Die Handhabung muss für den Empfänger möglichst einfach sein, sich also auf die Eingabe des Textschlüssels in ein Feld beschränken und ohne dass dieser noch vorweg ein Tool oder Programm installieren muss.

Ich habe bei Google tausende Einträge zur Verschlüsselung gefunden, aber wer kennt ein einfach strukturiertes Tool, dass sich evtl. in Open Office einbinden lässt und die o.g Bedingungen erfüllt.

mfG.
nattkolt


----------



## Reducal (7 Februar 2008)

*AW: pdf-Dateien verschlüsseln*

Was meinst du mit "Verschlüsseln"? Willst du nur, dass das Dokument allein einem Berechtigten zugänglich wird oder dass es von niemand verändert werden oder in Rohfassung dargestellt werden kann?


----------



## Heiko (7 Februar 2008)

*AW: pdf-Dateien verschlüsseln*



nattkolt schrieb:


> Hallo,
> 
> kennt jemand eine einfache Möglichkeit, womit man aus Open-Office erzeugte PDF-Dateien mit persönlichen Daten inviduell verschlüsselt kann und die pdf-Datei sicher von den Acrobat-Readern ab Version 5.0 geöffnet wird.
> Die Handhabung muss für den Empfänger möglichst einfach sein, sich also auf die Eingabe des Textschlüssels in ein Feld beschränken und ohne dass dieser noch vorweg ein Tool oder Programm installieren muss.
> ...


Mir fällt spontan ein selbstentpackendes Archiv ein, das Du dem Empfänger schicken könntest.


----------



## drboe (8 Februar 2008)

*AW: pdf-Dateien verschlüsseln*

Falls mit "verschlüsseln" gemeint ist, dass Du die Rechte für das Öffnen (Passwort!), Drucken, Ändern, Objekte kopieren, Text kopieren  usw. meinst: das geht mit OpenOffice sehr einfach. 

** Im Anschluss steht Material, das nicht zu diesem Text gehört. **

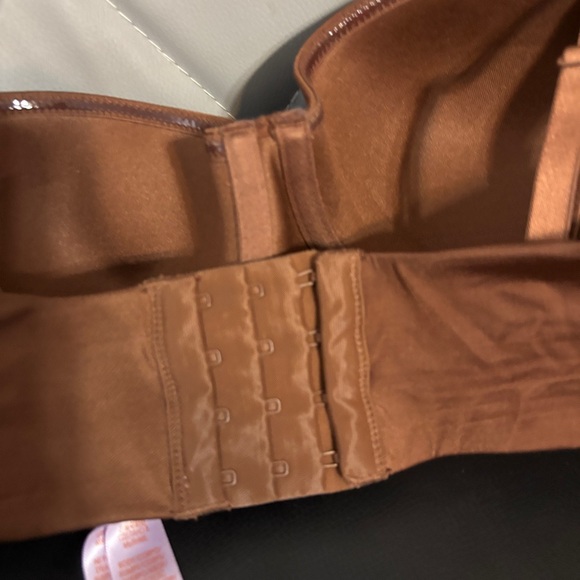 NWOT only tried it on and the band was too tight for me. - Picture 3 of 5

- Man wählt Datei->Exportieren als PDF, 
- klickt in der Dialogbox oben auf  auf "Sicherheit", 
- setzt die Option "PDF-Dokument verschlüsseln" -> kann dann ein Passwort für das Öffnen eingeben, 
- wählt "Rechtevergabe" -> kann deren Änderung ebenfalls per Passwort sichern, und
- setzt die Optionen wie gewünscht. 
- Dann exportieren

Fertig.

Ich habe die OO Versionen 2.3.1 (Linux) und 2.3.0 (Windows). Die Funktion ist sowohl in der Linux als auch der Windows Version vorhanden.

M. Boettcher


----------



## nattkolt (22 Februar 2008)

*AW: pdf-Dateien verschlüsseln*



drboe schrieb:


> Falls mit "verschlüsseln" gemeint ist, dass Du die Rechte für das Öffnen (Passwort!), Drucken, Ändern, Objekte kopieren, Text kopieren  usw. meinst: das geht mit OpenOffice sehr einfach.



Danke, war genau das was ich gesucht habe.

Gruss
nattkolt


----------